• _WHAT TO WORK ON_:
The answer must consist solely of the lines from the one containing "Numa Royal Galleries 4*" through the last line of the records below, repeated exactly, with all pictures omitted.

• _STUDY MATERIAL_:
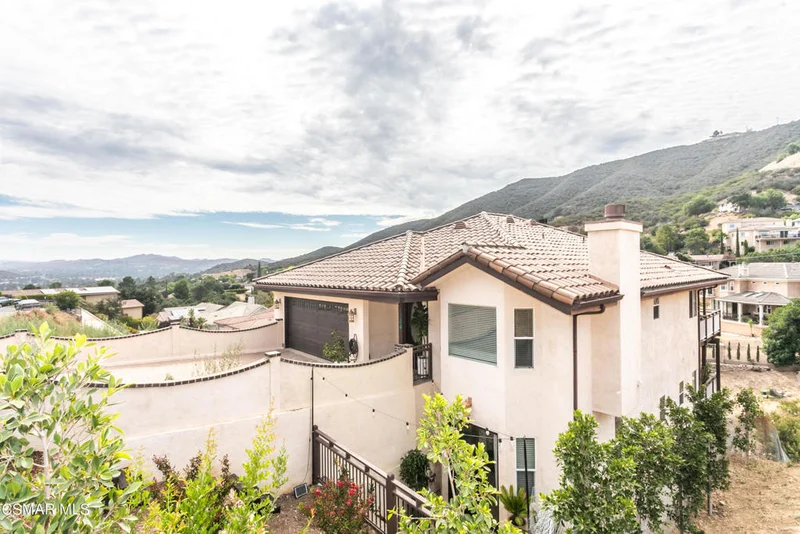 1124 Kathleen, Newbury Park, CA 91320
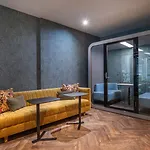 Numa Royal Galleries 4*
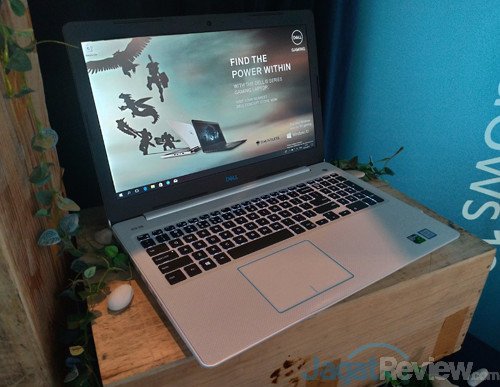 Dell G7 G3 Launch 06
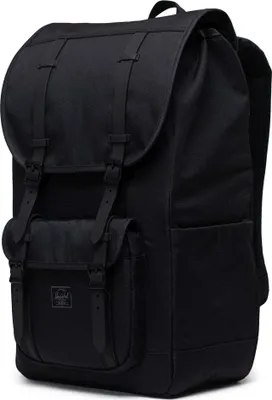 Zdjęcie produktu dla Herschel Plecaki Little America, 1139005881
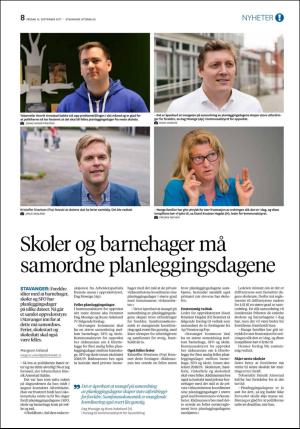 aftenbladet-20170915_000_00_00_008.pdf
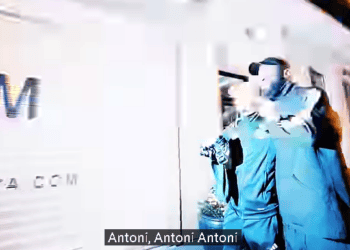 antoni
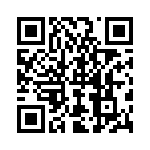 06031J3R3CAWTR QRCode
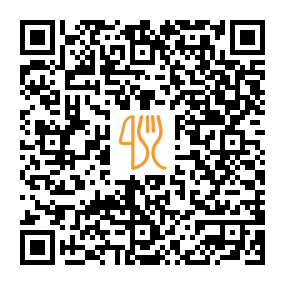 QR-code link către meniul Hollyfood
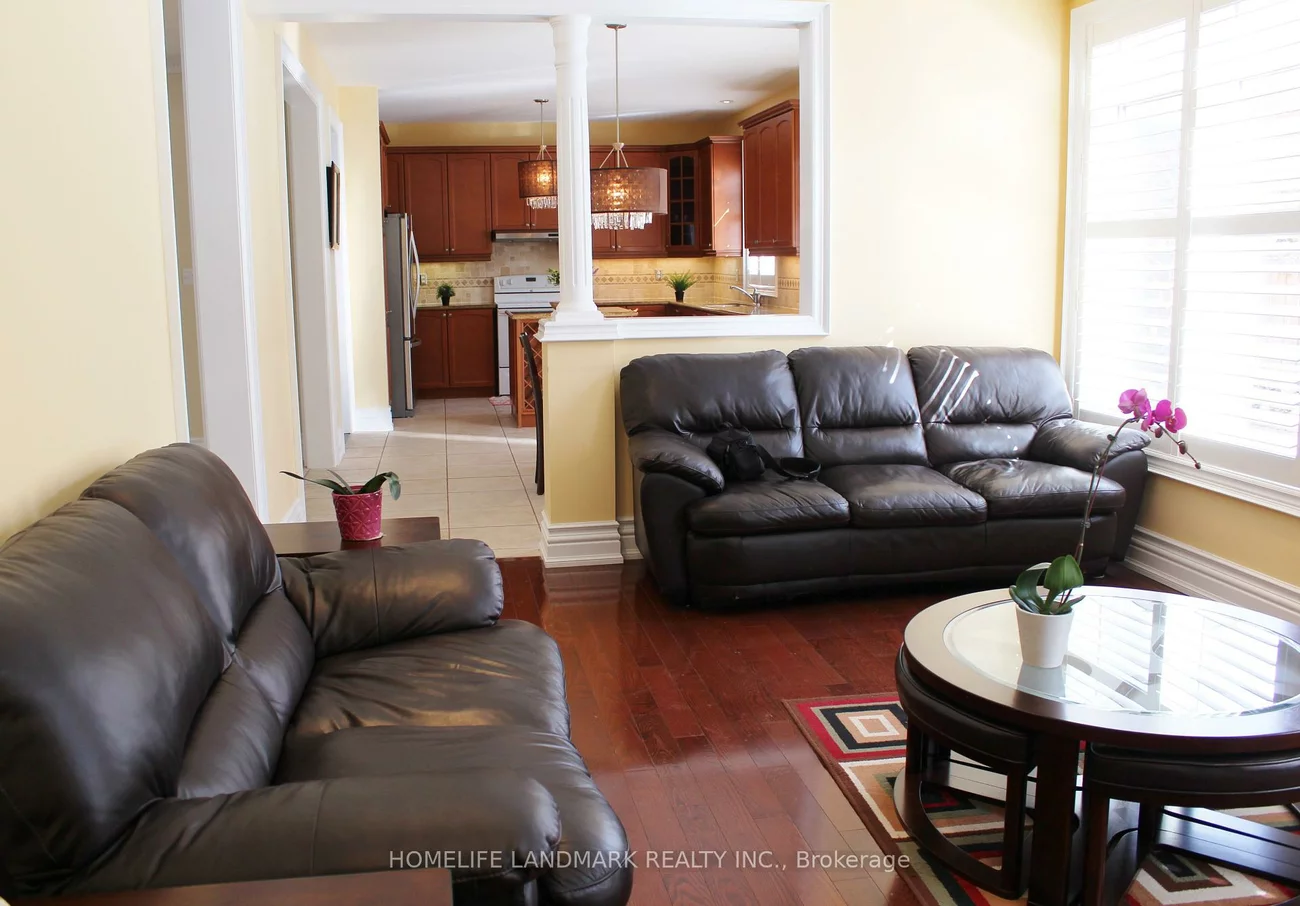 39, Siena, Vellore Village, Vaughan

• _RESPONSE_:
 Numa Royal Galleries 4*
 Dell G7 G3 Launch 06
 Zdjęcie produktu dla Herschel Plecaki Little America, 1139005881
 aftenbladet-20170915_000_00_00_008.pdf
 antoni
 06031J3R3CAWTR QRCode
 QR-code link către meniul Hollyfood
 39, Siena, Vellore Village, Vaughan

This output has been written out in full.